The hubris of the zebra
Today, our high-quality furniture is made possible through a fusion of cutting-edge CNC machines and traditional craftsmanship. In our factory, you’ll find artisans carving wood with the intuition of a lifetime alongside experts who operate multiple CNC machines with the latest technical knowledge. It was in this setting, while watching a machine navigate the complex curves of a chair, that I found myself thinking—strangely enough—of a zebra.
To be precise, I was remembering a time when I felt a desperate sense of relief and joy upon learning that AI couldn’t recognize a zebra. It was a fragile straw I clung to, a way of telling myself, “See? There are still things where humans are superior.” This is known as the “Symbol Grounding Problem.” You can tell an AI that a zebra is “a horse with stripes,” and it will store those 17 characters perfectly. But because the AI has no “grounding”—no physical experience of what a horse or a stripe actually is—it could look right at a zebra and see nothing but noise. I laughed to mask my anxiety, thinking, “At least I know what a zebra is.”
The 3D revolution: AI gets a body (sort of)
That desperate sense of relief didn’t last long. With the advent of 3D CG data and advanced image recognition, AI learned to verify visual information against 3D shapes. It stopped looking at “strings of text” and started looking at “geometry.” Suddenly, the AI could “see” the zebra. My smug superiority quickly turned into a profound awe of technology.

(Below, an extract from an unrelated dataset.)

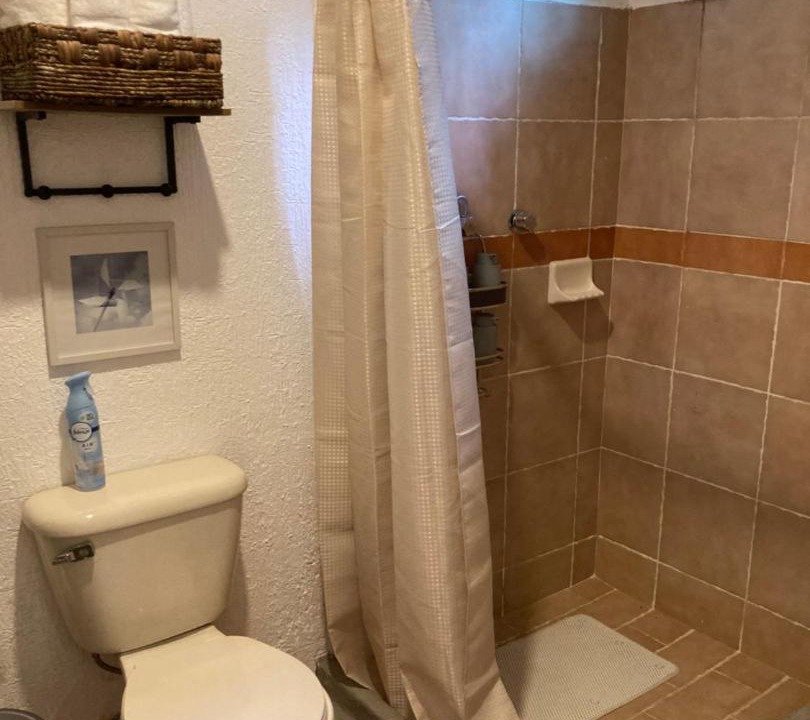 Photo of Bathroom in El Carrizal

This same innovation transformed our factory. In the old days, operating a CNC machine required us to manually input endless strings of numerical coordinates. Today, we scan a hand-carved prototype (like the one in the photo) into 3D data, and the computer calculates the complex paths for the drill bits automatically. The “symbols” are now grounded in “shape.”

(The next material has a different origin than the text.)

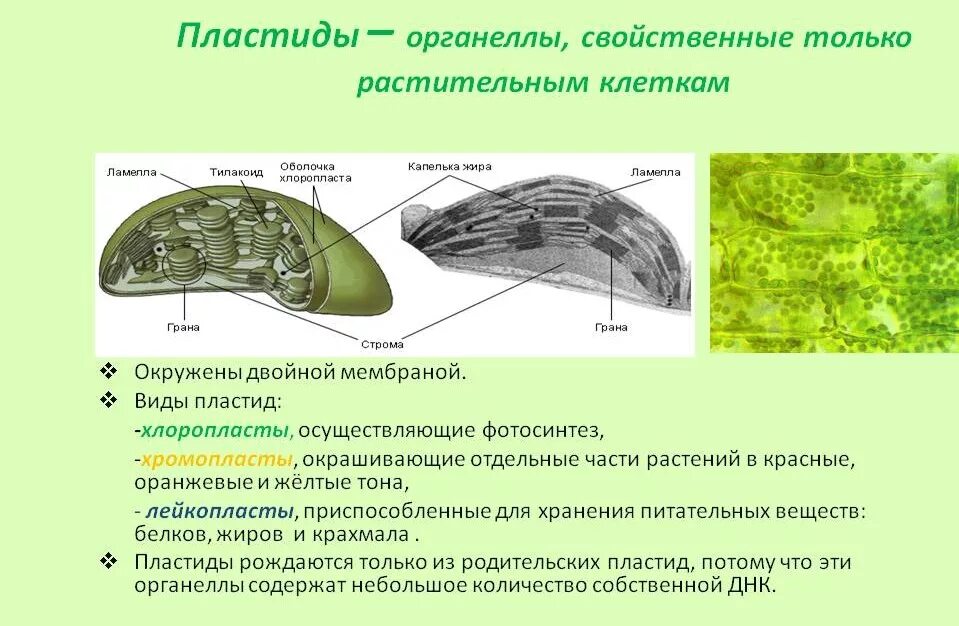 Хлоропласты отсутствуют. Хлоропласты хромопласты лейкопласты. Хлоропласты растительной клетки строение и функции. Функции органоидов клетки хлоропласты. Строение хлоропласта растительной клетки.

The 0.1mm wall: Where AI hits a dead end

Looking at our high-tech factory, you might think furniture production has become as easy as pressing “Print.” But here is the catch: AI still doesn’t have hands. Even with perfect 3D data, the CNC machine is only as good as the person who “sets” the wood. Wood is a living, breathing material. It expands with humidity and shrinks with heat. If a craftsman places a raw wooden block into the CNC machine even 0.5mm off-center, the entire piece is ruined. The AI can calculate the path, but it cannot “feel” the tension in the wood or the slight vibration of a dull blade.

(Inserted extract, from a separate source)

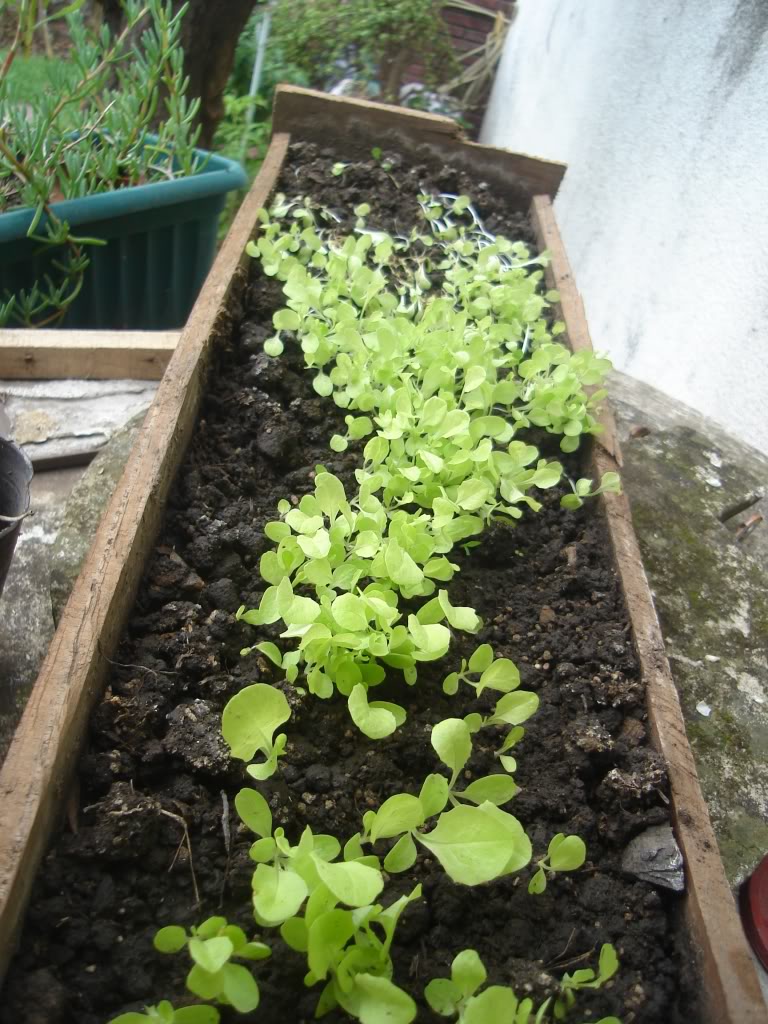 DSC01976.jpg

This is the new Symbol Grounding Problem. AI understands the geometry, but it doesn’t understand the gravity or the friction. It takes a human expert to bridge the gap between the digital dream and the physical reality. At CondeHouse, our CNC machines do the heavy lifting, but our craftsmen provide the “grounding.”
Hatsune Miku is the ultimate “ungrounded” symbol—a star born from digital code. But the Hatsune Miku Art Chair is where that symbol finally meets the earth. We took the flawless 3D geometry of a virtual icon and handed it over to our craftsmen, who had to navigate the unpredictable “friction” of real Hokkaido timber. It is a piece that solves the Symbol Grounding Problem by turning pixels into something you can actually touch and sit on. Why settle for a digital image when you can own the physical manifestation of a dream, grounded by human hands?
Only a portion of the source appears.